John E. Bush
In 1877, King David Kalakaua appointed John E. Bush (1843-1906) as governor of Kaua‘i, an office he would occupy through 1880.
While Bush was governor, his family lived at Koloa, but Bush lived in Kapa‘a to be near Kealia, where he planted sugar cane part-time on shares for Makee Sugar Co.
But Bush’s principal duty as governor was to provide Kalakaua, Queen Kapiolani, and their retinues with food, lodgings, entertainment and transportation whenever they visited Kaua‘i. At Koloa, the governor would, without fail, obtain provisions of poi, sugar, bullocks, pigs, turkeys and chickens from Koloa Plantation manager John N. Wright. Likewise, Mrs. Wright supplied such items as butter, eggs, preserves, fruit and vegetables.
Bush later became a participant in Kalakaua’s abortive attempt at Pacific empire building when Kalakaua dispatched him to Samoa in Dec. 1886 to negotiate a treaty of confederation with Samoa.

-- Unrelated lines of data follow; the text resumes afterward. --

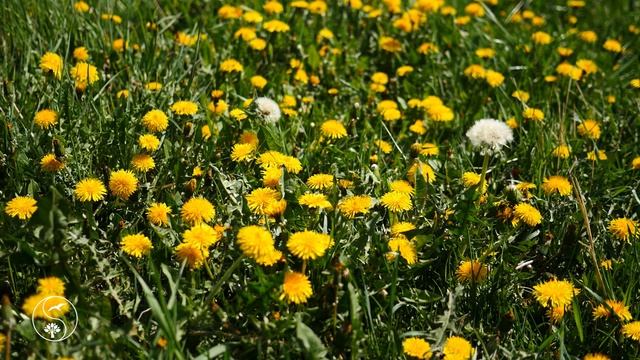 Звуки Природы, Пение Птиц, для Релаксации, Сна, Медитации | Relax 12 Часов с Красивой Природой смотреть онлайн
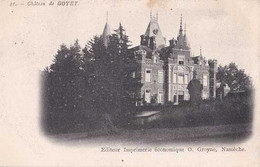 Goyet - Château - Gesves - Circulé En 1907 - TBE - Gesves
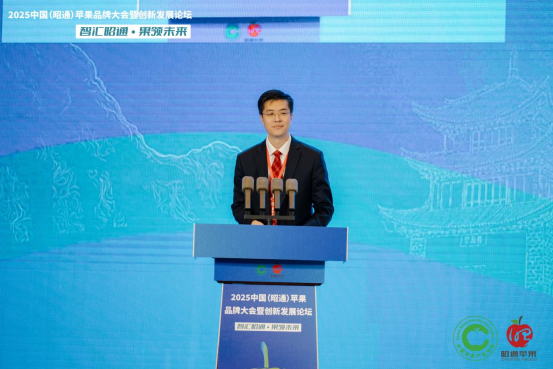 图片8.png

In Samoa, Bush met chief Malietoa, one of two chiefs claiming title to king of Samoa, and on Feb. 17, 1887, Bush persuaded him to sign an agreement binding Hawai‘i and Samoa in confederation.
Germany, which backed Malietoa’s rival, Tamasese, and desired to annex all of Samoa, was initially annoyed by Hawaiian intervention in Samoa, and eventually threatened war unless Kalakaua withdrew.
By November, when Bush returned to Hawai‘i, the Germans had sent four warships to Samoa, deposed and exiled Malietoa, and had recognized Tamasese as king.
Bush held several ministerships during Kalakaua’s reign. As a Native Hawaiian, Bush supported Queen Liliuokalani on occasion. Yet, as Liberal Party editor of “Ka Leo o Ka Lahui” newspaper, he usually did not.